━━━ SUPPLIED MATERIAL ━━━
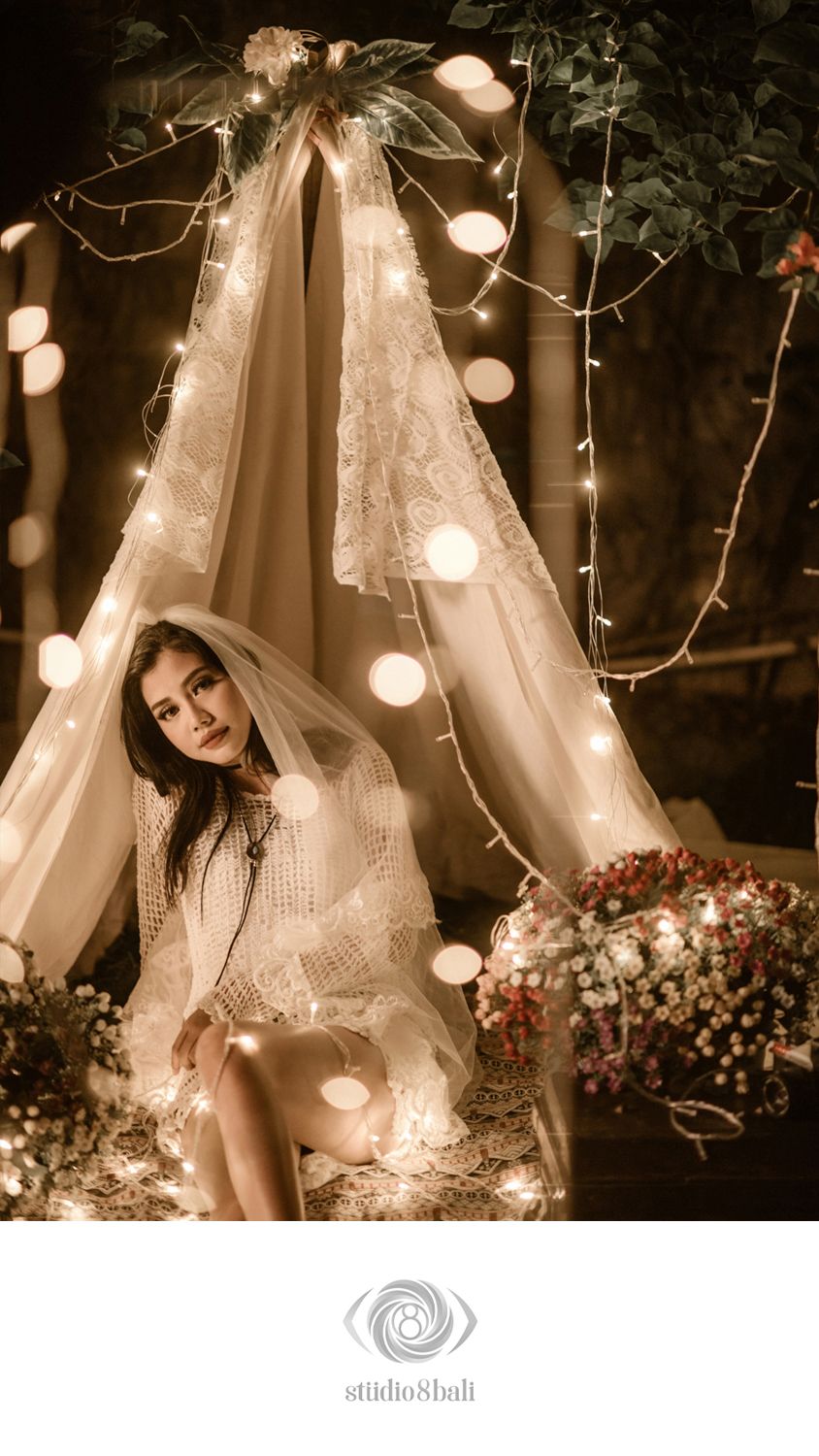 Bride in lace gown sits under glowing fairy light canopy with floral arrangements in romantic Bali studio setting.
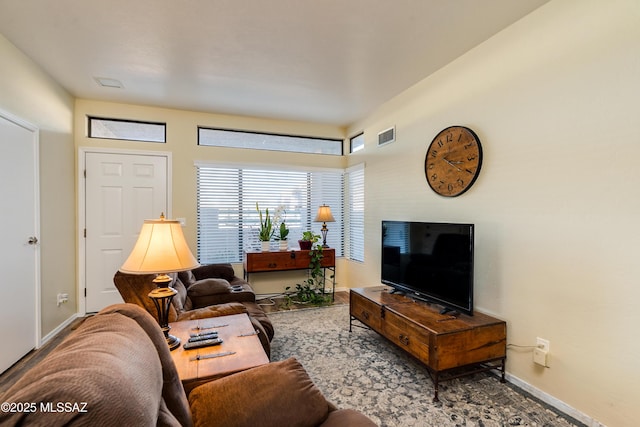 living room featuring visible vents and baseboards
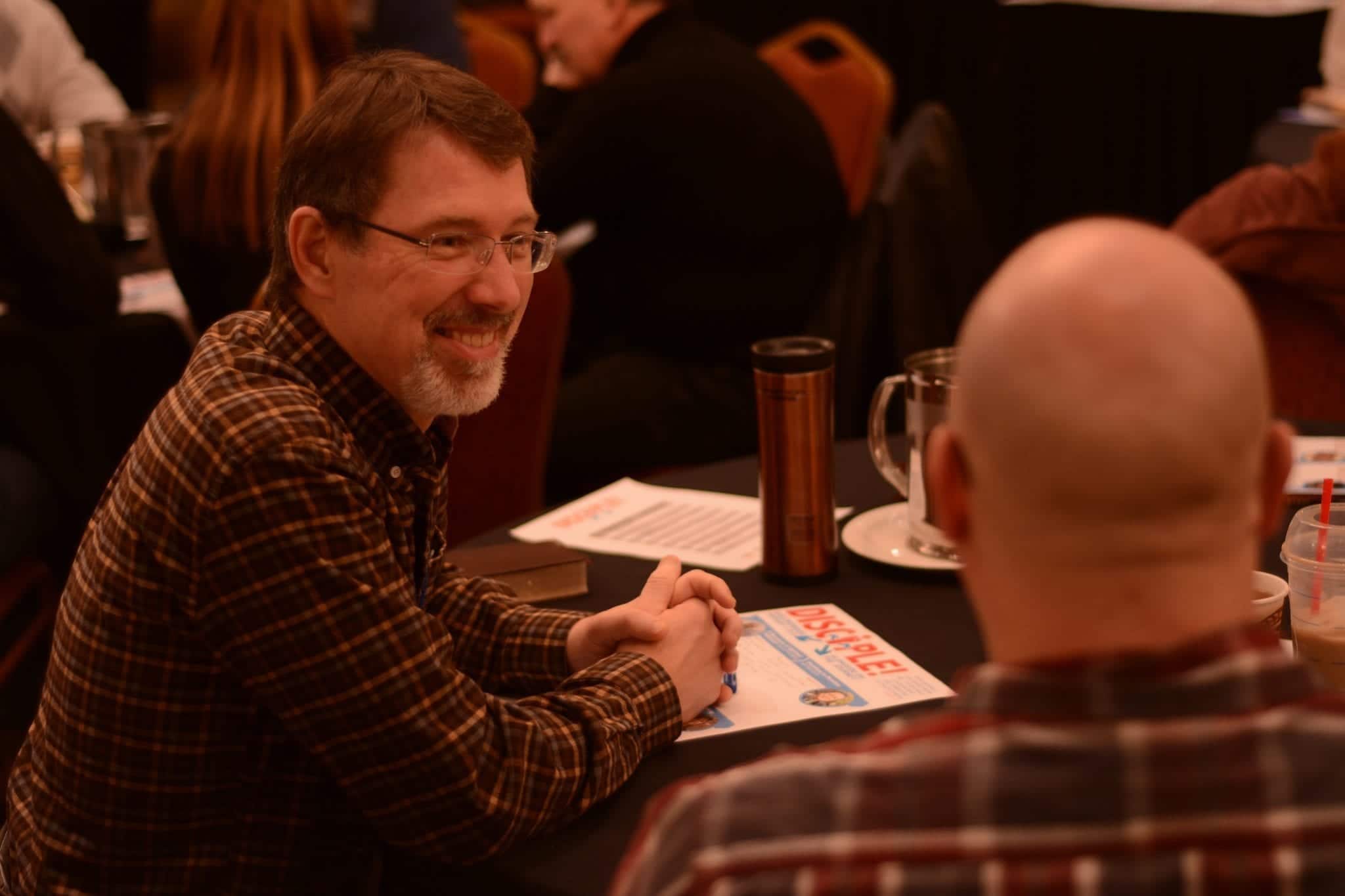 Smiling man at a table talking about discipling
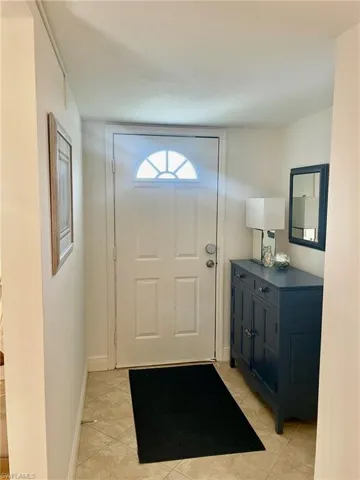 Doorway featuring tile patterned floors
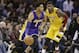 Los Angeles Lakers' D'Angelo Russell (1) drives against Cleveland Cavaliers' Kyrie Irving (2) in the second half of an NBA basketball game Wednesday, Feb. 10, 2016, in Cleveland. (AP Photo/Tony Dejak)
━━━
YOUR TASK:
The entries above are to be copied exactly, with every picture left out.

EXERCISE ANSWER:
 Bride in lace gown sits under glowing fairy light canopy with floral arrangements in romantic Bali studio setting.
 living room featuring visible vents and baseboards
 Smiling man at a table talking about discipling
 Doorway featuring tile patterned floors
 Los Angeles Lakers' D'Angelo Russell (1) drives against Cleveland Cavaliers' Kyrie Irving (2) in the second half of an NBA basketball game Wednesday, Feb. 10, 2016, in Cleveland. (AP Photo/Tony Dejak)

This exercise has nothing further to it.